My sister and I didn’t go to the funeral. We were dropped off at my mom’s sister’s place to play with our cousins. Rebecca and Rachel didn’t quite understand what was going on or why were sad. My aunt said something about our grandfather passing and that scared my cousin’s into thinking it was our shared grandfather (who is still alive and kicking, if I might say so). Somehow and at some point, we flew back to California to try and resume our normal lives. I was strange for a while. I didn’t feel like socializing at school and was always looking in the clouds for a sign of him. At night, if I had done something “bad” during the day, I would lie flat on my back with my blanket tucked around me for fear of him coming down from Heaven and smacking my bottom. I had heard stories of my dad getting the belt and I was terrified. I laugh at it now, but it was a real fear for me.

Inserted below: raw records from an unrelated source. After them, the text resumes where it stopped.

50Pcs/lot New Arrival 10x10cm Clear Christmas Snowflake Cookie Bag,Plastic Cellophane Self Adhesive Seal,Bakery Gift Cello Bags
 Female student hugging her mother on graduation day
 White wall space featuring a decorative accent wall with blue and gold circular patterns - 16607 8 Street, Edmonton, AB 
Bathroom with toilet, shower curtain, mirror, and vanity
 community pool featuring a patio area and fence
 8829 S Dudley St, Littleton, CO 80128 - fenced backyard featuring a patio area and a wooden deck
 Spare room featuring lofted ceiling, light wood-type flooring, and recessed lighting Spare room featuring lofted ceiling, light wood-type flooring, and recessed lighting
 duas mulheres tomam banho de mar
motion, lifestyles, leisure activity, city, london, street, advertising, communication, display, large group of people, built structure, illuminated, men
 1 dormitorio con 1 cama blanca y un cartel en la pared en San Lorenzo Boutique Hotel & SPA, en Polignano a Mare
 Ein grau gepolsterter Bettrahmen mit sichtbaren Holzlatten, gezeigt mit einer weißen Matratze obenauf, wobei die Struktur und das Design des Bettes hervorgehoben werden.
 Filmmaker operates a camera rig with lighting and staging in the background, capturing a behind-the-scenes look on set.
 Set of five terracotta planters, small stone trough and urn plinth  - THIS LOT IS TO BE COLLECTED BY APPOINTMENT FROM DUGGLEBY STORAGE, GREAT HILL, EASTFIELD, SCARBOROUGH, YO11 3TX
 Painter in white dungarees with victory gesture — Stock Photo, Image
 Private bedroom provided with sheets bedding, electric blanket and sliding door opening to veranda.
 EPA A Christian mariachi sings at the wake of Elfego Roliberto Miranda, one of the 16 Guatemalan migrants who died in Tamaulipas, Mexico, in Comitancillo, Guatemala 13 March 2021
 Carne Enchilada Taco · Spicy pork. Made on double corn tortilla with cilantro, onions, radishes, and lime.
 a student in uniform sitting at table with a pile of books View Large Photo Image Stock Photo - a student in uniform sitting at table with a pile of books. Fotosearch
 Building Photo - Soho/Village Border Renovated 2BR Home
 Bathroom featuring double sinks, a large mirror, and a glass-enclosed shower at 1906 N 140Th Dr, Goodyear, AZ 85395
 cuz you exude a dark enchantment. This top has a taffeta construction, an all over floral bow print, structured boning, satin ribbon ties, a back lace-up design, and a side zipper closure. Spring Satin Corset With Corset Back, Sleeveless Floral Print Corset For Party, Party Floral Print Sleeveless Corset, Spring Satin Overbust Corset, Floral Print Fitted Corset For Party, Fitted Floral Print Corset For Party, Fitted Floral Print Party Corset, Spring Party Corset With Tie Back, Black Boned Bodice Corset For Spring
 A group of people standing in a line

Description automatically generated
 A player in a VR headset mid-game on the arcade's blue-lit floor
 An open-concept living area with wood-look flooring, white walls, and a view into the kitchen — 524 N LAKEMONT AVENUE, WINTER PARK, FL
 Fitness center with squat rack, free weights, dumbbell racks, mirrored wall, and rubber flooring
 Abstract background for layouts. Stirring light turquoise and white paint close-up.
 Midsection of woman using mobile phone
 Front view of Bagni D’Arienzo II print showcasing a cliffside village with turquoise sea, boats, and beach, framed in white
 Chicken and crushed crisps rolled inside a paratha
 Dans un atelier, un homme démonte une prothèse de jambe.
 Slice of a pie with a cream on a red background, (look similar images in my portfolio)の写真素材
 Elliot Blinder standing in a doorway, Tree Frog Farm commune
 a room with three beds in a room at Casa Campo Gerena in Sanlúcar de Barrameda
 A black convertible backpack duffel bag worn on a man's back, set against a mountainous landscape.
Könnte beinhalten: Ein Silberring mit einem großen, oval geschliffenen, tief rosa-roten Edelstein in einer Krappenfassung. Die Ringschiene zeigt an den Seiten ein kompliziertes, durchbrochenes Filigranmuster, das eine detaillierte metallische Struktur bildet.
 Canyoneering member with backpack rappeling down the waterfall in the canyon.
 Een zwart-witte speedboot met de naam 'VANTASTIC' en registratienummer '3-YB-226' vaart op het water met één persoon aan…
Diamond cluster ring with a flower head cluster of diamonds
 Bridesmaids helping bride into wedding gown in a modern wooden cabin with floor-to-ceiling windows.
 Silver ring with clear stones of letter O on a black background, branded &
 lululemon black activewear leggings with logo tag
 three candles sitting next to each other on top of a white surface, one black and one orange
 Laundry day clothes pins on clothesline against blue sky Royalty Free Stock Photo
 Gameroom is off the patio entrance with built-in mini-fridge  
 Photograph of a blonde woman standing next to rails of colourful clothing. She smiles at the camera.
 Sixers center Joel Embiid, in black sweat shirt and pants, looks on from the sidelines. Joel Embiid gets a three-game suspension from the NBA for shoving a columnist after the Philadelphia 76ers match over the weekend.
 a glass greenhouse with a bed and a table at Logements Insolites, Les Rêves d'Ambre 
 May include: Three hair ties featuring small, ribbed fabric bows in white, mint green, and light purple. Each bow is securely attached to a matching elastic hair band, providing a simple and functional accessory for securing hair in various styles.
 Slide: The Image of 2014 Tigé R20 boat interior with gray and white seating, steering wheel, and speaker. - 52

I also wondered, and still do, if we had stayed in New York, would he have lived longer? We were his family. My aunt didn’t marry until after he passed, so when my family moved to California, it was just the three of them. They say you can die of a broken heart. I know I shouldn’t think like this, but I wonder if he sort of gave up fighting, because we were so far away now. I hope he didn’t. Again, time machines would really come in handy for me sometimes.

I miss him. I miss him so much. I think about him every day and wonder what he would think of our lives. Me, on my own up here, working in San Francisco and having spent a summer in his home country. My sister at school in North Carolina, finding herself in the crazy world of college. My aunt married and raising her son in Brooklyn and my grandmother, still living in the house they shared on Long Island. I wish I could talk to him again, see him again. I’ve nearly forgotten what he sounds like and definitely what he smells like. Next time I’m home, I’m making copies of home videos so I can have them for myself.

RIP Antonio Bifulco April 21, 1932 to February 26, 1996. Ti amo e mi manchivi molto.